Skip to content

AMD debugger: ROCgdb

Presenter: Samuel Antao (AMD)

Materials on the web:

Archived materials on LUMI:

  • Slides: /appl/local/training/2p3day-20250303/files/LUMI-2p3day-20250303-405-AMD_ROCgdb_Debugger.pdf

  • Recording: /appl/local/training/2p3day-20250303/recordings/405-AMD_ROCgdb_Debugger.mp4

Q&A

  1. How much information can be obtained in case of out of bounds access? Is it possible to see which variable and the index when it happens?
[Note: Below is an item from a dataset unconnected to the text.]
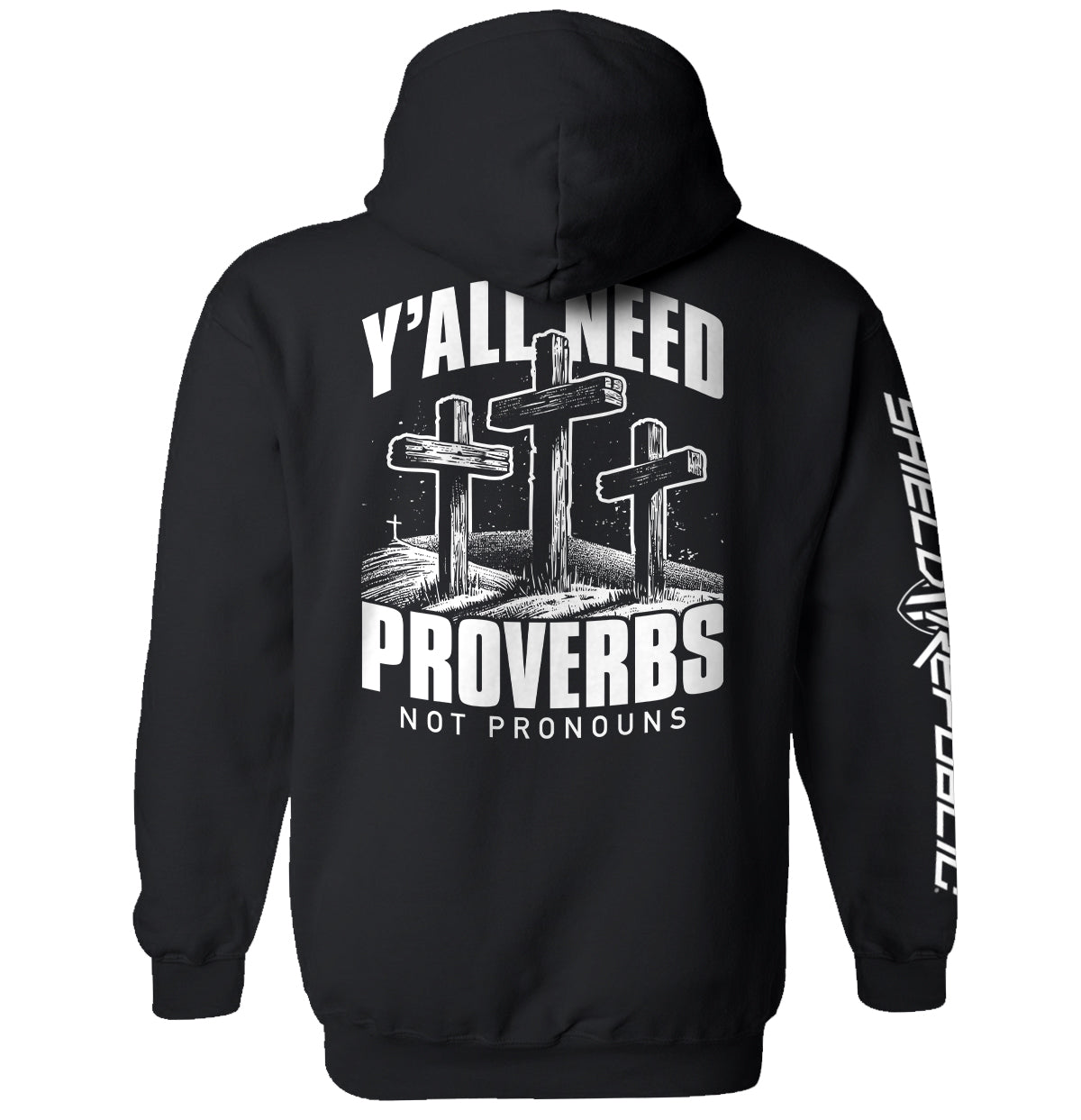 お前らには代名詞じゃなくて箴言が必要だ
    • RocGDB won't tell you the problem is a out-of-bounds access. You still need to breakpoint before the problematic code and inspect addresses and indexes to see if that matches your expectation.
  2. Can the debuggger detect errors in the work-group like not all threads calling __syncthreads()?
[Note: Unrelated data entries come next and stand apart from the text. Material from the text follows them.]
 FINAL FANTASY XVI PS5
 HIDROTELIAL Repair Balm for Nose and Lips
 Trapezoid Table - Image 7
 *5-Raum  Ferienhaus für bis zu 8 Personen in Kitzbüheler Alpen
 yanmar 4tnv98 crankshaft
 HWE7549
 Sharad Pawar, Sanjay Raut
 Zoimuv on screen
    • It won't tell you directly a hang comes from this. You can check while the hang is happening where the different waves are. Each thread is a wave in GDB, so you can swithch threads and inspect where you are to detect the hang cause.
  3. Does the integration with Emacs work as usual (like with GDB = gud mode)?

    • RocGDB should integrate with Emacs or other editors as GDB does. I didn't try Emacs myself but my expectation is that ot should just work.
  4. Is it possible to use vscode integration for rocgdb on LUMI?
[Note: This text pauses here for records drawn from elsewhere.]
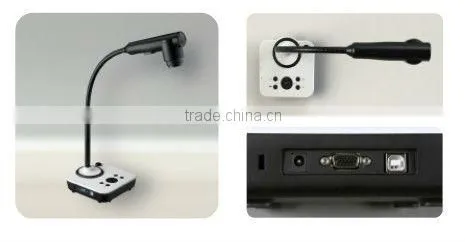 i5332 Gooseneck Document Camera / USB handheld Document Camera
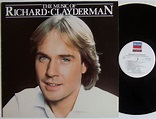 Clayderman, Richard The Music Of Richard Clayderman LP Decca SKL5333 NM ...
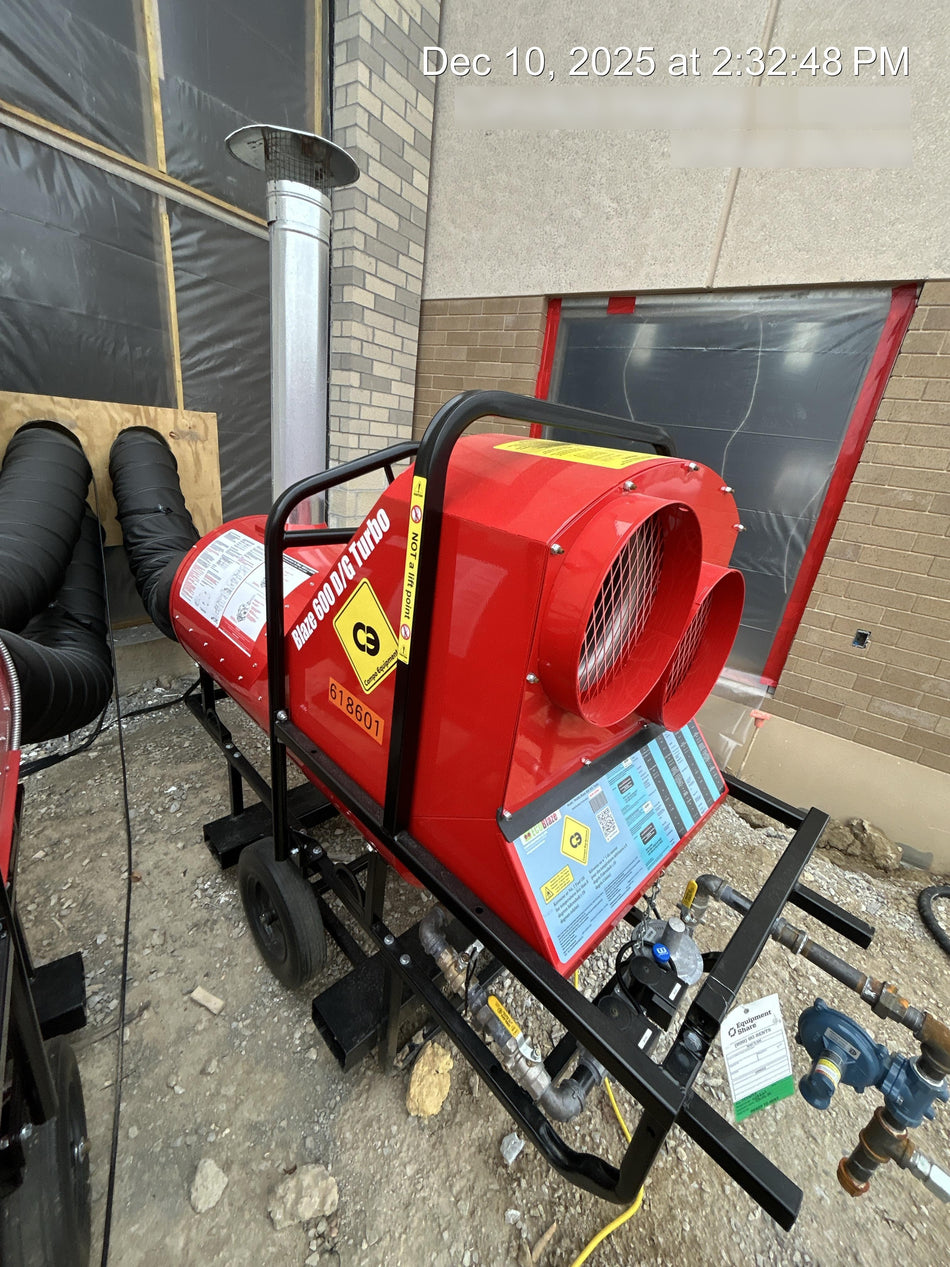 2025 CAMPO EB600G-RE3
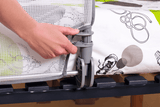 Safety 1st extra large bed rail 150 cm, UK version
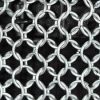 ® Chainmail Shirt Half Sleeves | Aluminium Butted Chainmail 10MM Rings Silver | Medieval Costume Adult | Armor SCA
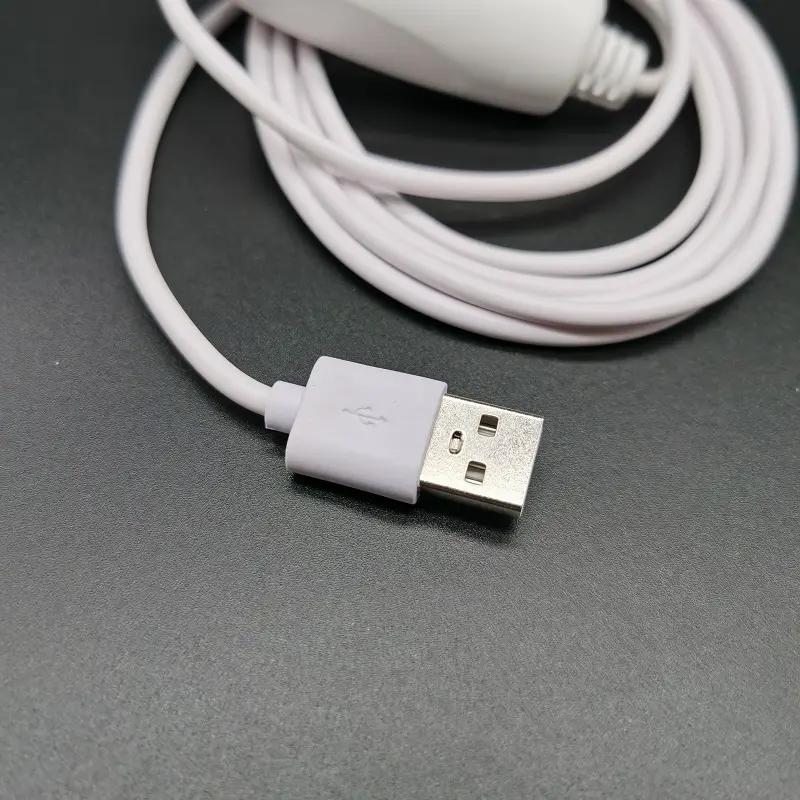 USB Aポートシングルボタンナースコールケーブル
    • Yes, vscode should integrate well with RocGDB. The challenge is how to have an instance of vscode-server in a login node connect to a compute node. You might have to explore gdbserver to allow remote debugging from the login nodes. I guess one might be creative and have a vscode instance run on a compute node but that would be a bit clumsy and difficult to maintain.